Task details
Which lines run from the one containing "Area Rug Green" to the end of the entries? Copy them exactly, both ends included, and give nothing else.

Source material START

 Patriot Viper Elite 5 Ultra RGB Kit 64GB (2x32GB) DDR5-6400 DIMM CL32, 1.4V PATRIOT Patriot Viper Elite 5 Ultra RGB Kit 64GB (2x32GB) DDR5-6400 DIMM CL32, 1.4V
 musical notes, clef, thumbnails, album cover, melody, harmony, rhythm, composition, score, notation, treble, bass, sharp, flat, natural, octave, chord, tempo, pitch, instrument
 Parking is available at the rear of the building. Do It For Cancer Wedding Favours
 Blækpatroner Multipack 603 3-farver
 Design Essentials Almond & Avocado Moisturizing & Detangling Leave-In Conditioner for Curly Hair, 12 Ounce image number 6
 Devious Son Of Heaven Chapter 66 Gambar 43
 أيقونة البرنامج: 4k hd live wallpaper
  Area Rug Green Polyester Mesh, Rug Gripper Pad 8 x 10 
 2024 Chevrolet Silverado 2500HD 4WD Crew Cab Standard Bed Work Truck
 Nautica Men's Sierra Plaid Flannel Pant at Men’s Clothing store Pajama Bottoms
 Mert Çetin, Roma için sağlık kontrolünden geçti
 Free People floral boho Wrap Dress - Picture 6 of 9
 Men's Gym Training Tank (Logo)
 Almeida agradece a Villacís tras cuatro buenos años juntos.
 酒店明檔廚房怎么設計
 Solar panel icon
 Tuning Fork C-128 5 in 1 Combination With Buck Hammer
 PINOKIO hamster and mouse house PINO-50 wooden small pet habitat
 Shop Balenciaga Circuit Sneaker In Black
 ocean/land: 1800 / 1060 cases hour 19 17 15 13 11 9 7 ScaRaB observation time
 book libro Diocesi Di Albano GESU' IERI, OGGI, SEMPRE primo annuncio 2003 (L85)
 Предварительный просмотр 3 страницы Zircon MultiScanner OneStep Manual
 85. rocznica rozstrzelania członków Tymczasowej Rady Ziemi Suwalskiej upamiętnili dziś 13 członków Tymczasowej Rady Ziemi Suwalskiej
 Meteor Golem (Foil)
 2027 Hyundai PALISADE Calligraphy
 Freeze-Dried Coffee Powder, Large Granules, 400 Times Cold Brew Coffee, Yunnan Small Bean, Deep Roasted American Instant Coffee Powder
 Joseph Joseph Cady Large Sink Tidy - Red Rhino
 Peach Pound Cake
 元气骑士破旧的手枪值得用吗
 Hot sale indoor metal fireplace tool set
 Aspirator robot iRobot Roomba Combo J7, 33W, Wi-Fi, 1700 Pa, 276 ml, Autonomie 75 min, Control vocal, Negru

Source material END

Final answer
  Area Rug Green Polyester Mesh, Rug Gripper Pad 8 x 10 
 2024 Chevrolet Silverado 2500HD 4WD Crew Cab Standard Bed Work Truck
 Nautica Men's Sierra Plaid Flannel Pant at Men’s Clothing store Pajama Bottoms
 Mert Çetin, Roma için sağlık kontrolünden geçti
 Free People floral boho Wrap Dress - Picture 6 of 9
 Men's Gym Training Tank (Logo)
 Almeida agradece a Villacís tras cuatro buenos años juntos.
 酒店明檔廚房怎么設計
 Solar panel icon
 Tuning Fork C-128 5 in 1 Combination With Buck Hammer
 PINOKIO hamster and mouse house PINO-50 wooden small pet habitat
 Shop Balenciaga Circuit Sneaker In Black
 ocean/land: 1800 / 1060 cases hour 19 17 15 13 11 9 7 ScaRaB observation time
 book libro Diocesi Di Albano GESU' IERI, OGGI, SEMPRE primo annuncio 2003 (L85)
 Предварительный просмотр 3 страницы Zircon MultiScanner OneStep Manual
 85. rocznica rozstrzelania członków Tymczasowej Rady Ziemi Suwalskiej upamiętnili dziś 13 członków Tymczasowej Rady Ziemi Suwalskiej
 Meteor Golem (Foil)
 2027 Hyundai PALISADE Calligraphy
 Freeze-Dried Coffee Powder, Large Granules, 400 Times Cold Brew Coffee, Yunnan Small Bean, Deep Roasted American Instant Coffee Powder
 Joseph Joseph Cady Large Sink Tidy - Red Rhino
 Peach Pound Cake
 元气骑士破旧的手枪值得用吗
 Hot sale indoor metal fireplace tool set
 Aspirator robot iRobot Roomba Combo J7, 33W, Wi-Fi, 1700 Pa, 276 ml, Autonomie 75 min, Control vocal, Negru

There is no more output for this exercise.